Exercise details. Write out only the lines from the start of the entries up to and including the line with "Photo of Bedroom in Sambahan"; please skip the pictures.

Exercise inputs.
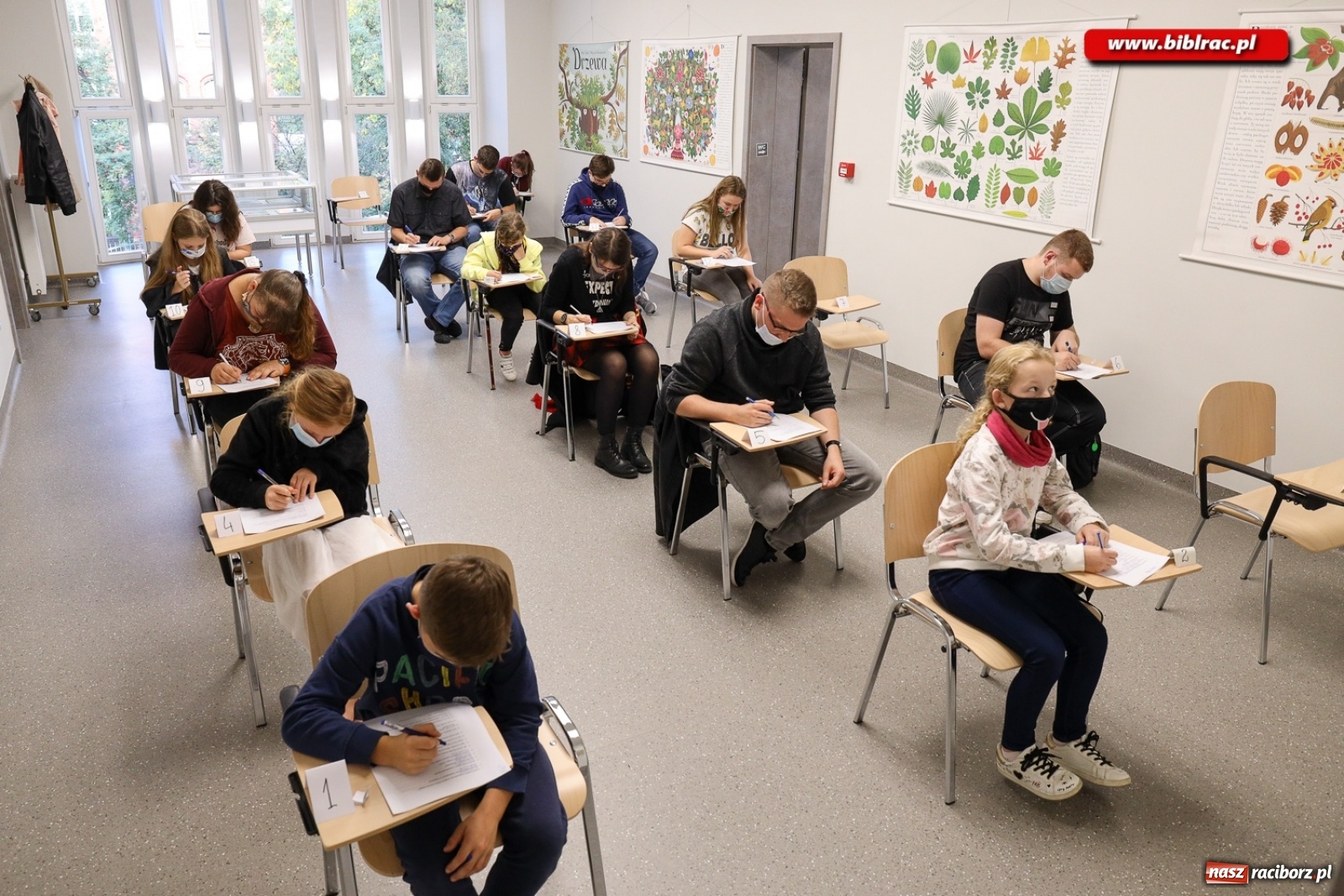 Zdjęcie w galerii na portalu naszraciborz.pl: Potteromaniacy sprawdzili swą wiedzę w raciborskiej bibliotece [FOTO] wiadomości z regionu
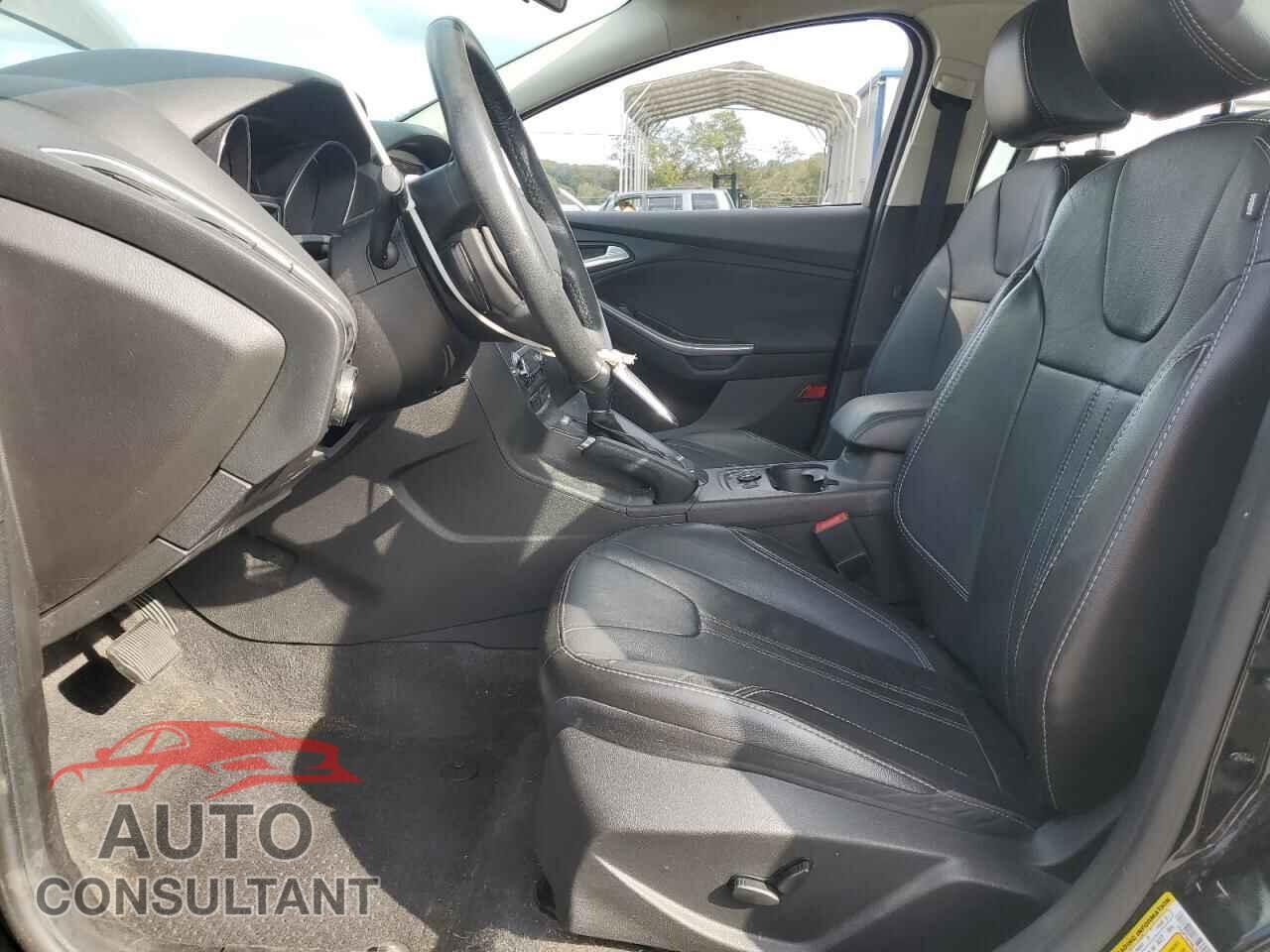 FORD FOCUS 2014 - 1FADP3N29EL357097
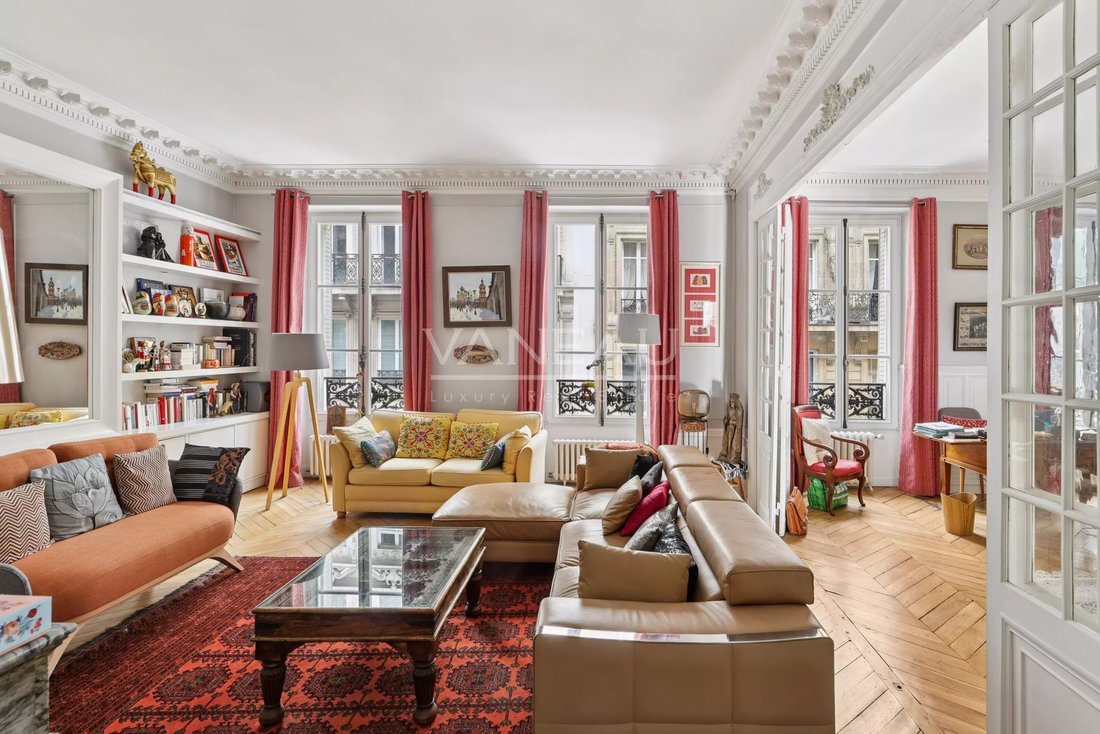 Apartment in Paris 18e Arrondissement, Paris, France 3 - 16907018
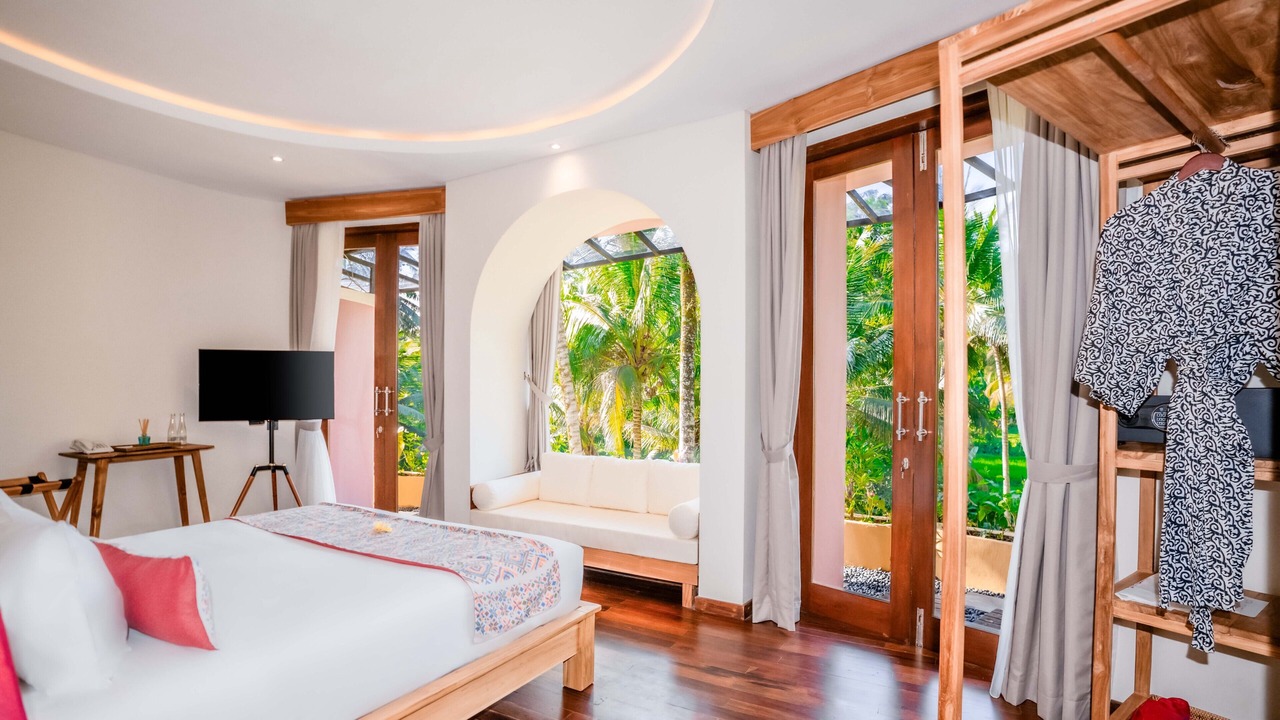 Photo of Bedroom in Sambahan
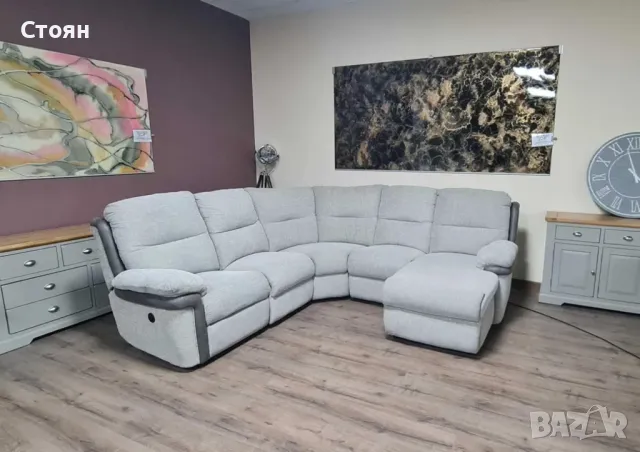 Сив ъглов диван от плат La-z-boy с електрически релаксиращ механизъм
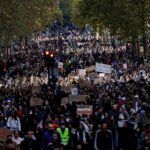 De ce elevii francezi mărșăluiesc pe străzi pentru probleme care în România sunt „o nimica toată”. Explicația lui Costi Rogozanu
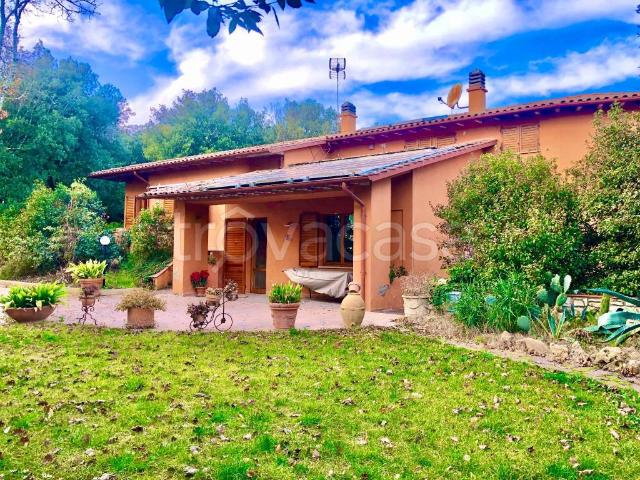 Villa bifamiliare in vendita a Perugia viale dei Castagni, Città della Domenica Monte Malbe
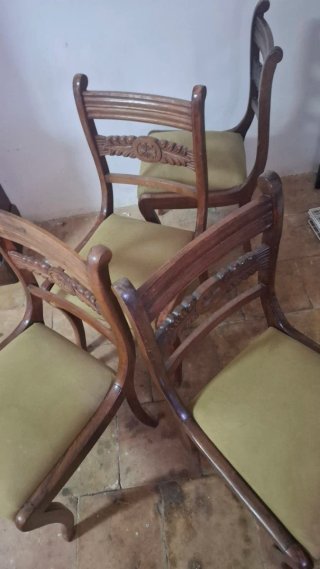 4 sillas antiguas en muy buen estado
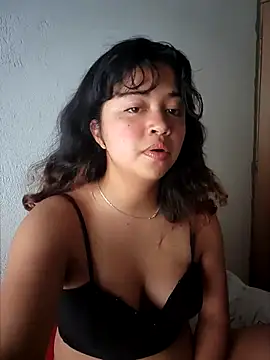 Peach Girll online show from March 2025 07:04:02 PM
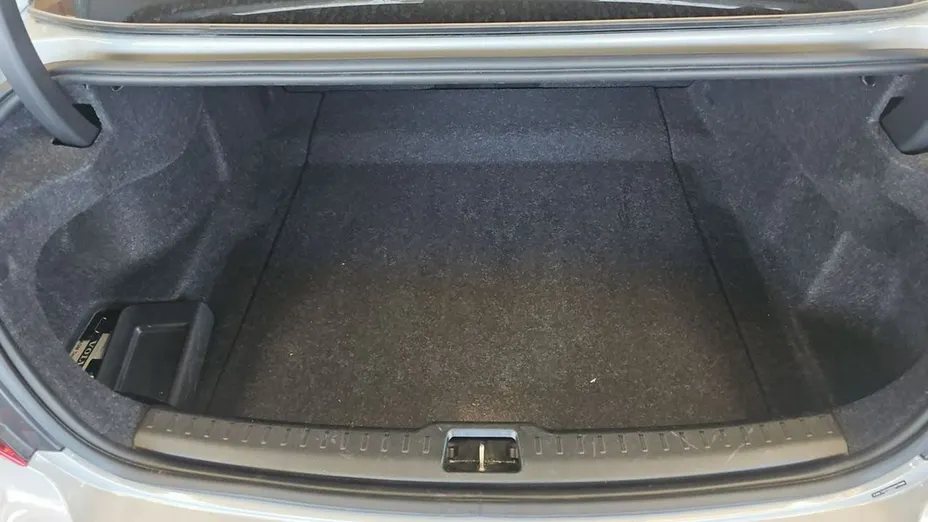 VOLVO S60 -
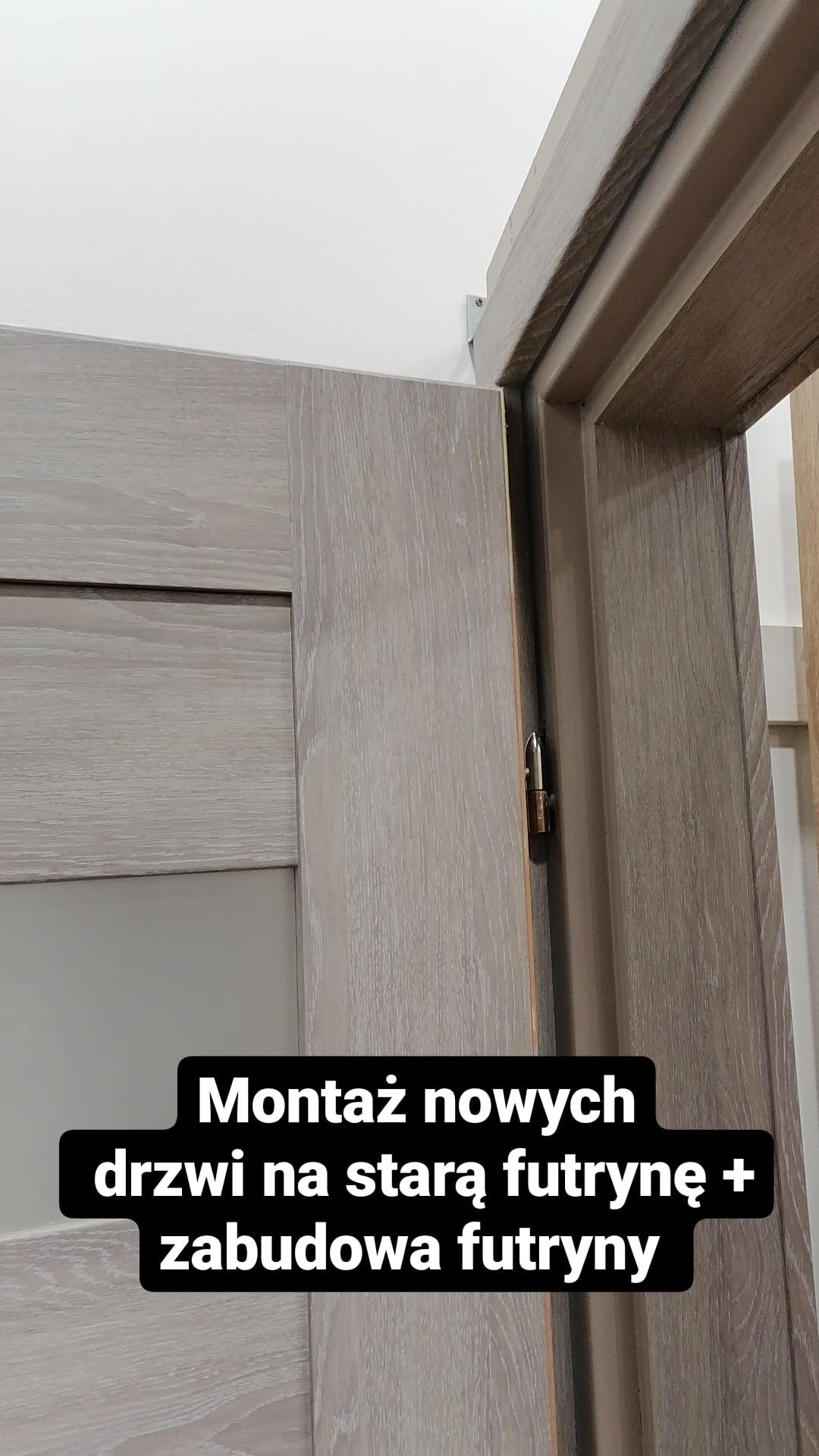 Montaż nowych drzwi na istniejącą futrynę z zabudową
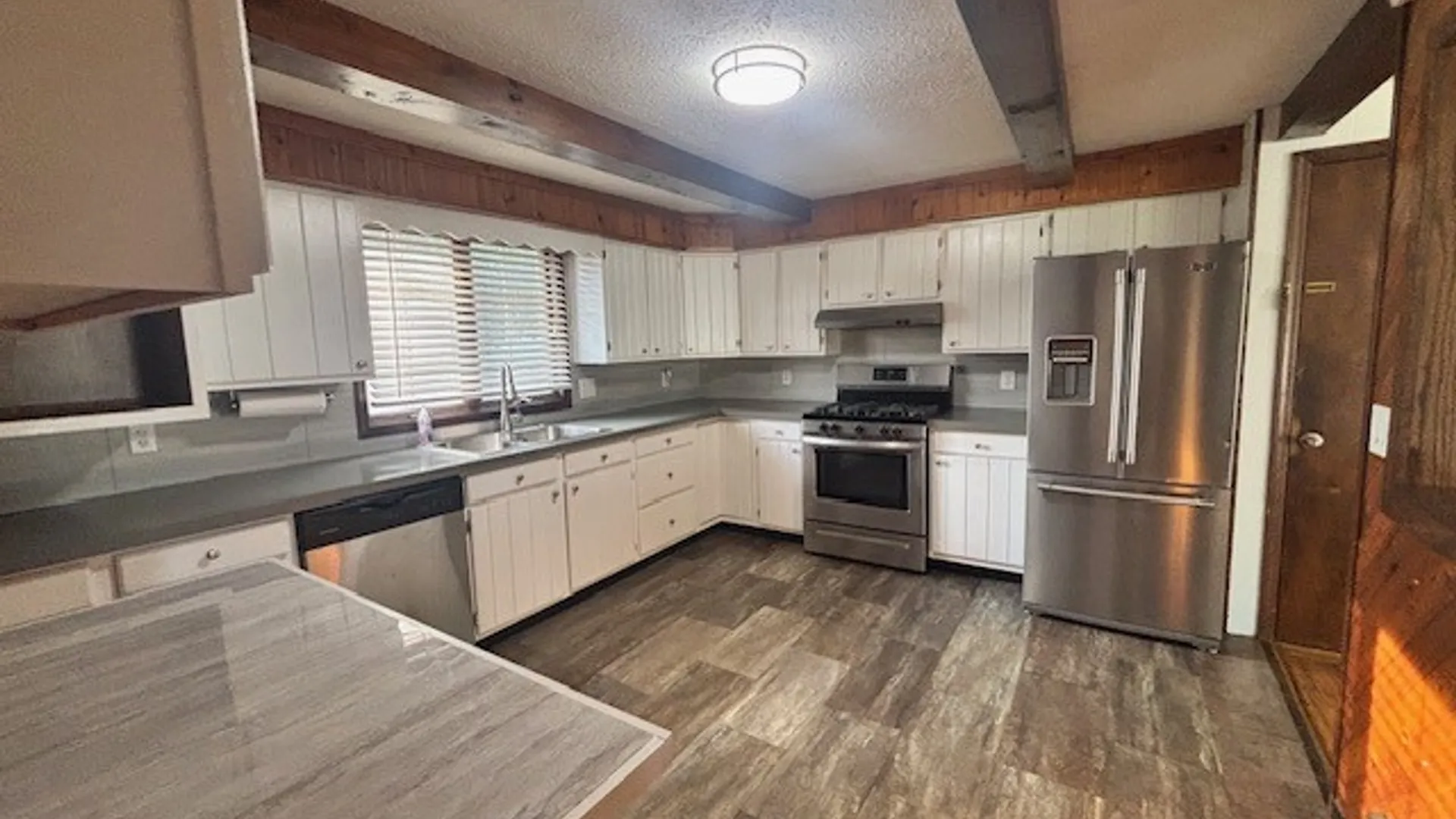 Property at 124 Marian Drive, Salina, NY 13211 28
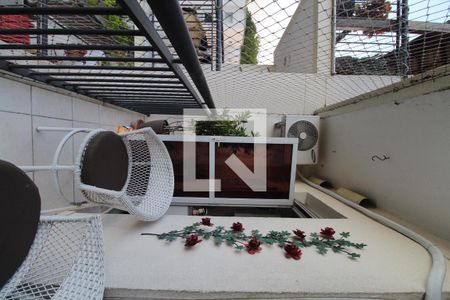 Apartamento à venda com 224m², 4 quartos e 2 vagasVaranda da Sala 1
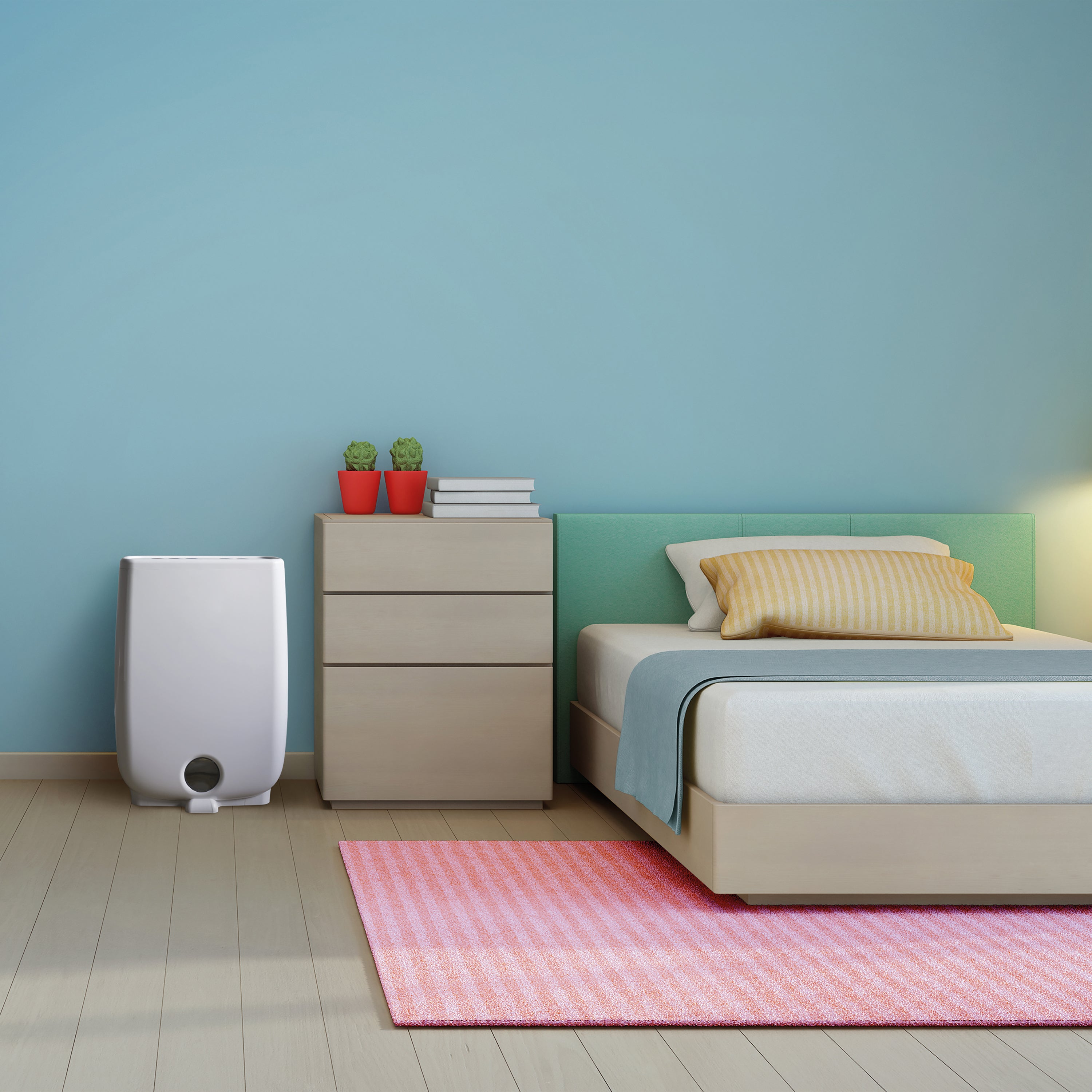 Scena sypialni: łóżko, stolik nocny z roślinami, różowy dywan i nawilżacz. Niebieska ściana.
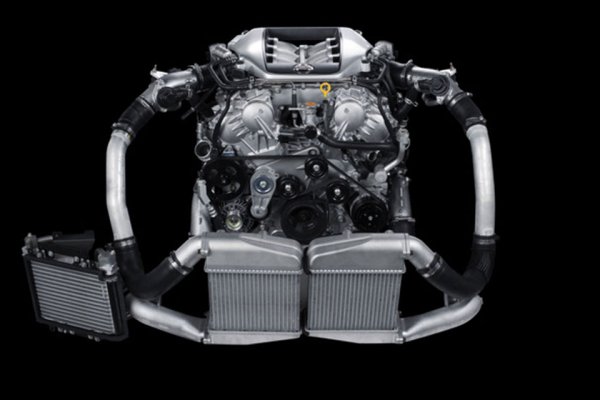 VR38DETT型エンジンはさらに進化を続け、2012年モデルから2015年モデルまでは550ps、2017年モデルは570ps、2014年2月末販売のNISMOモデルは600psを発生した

Completed task.
 Zdjęcie w galerii na portalu naszraciborz.pl: Potteromaniacy sprawdzili swą wiedzę w raciborskiej bibliotece [FOTO] wiadomości z regionu
 FORD FOCUS 2014 - 1FADP3N29EL357097
 Apartment in Paris 18e Arrondissement, Paris, France 3 - 16907018
 Photo of Bedroom in Sambahan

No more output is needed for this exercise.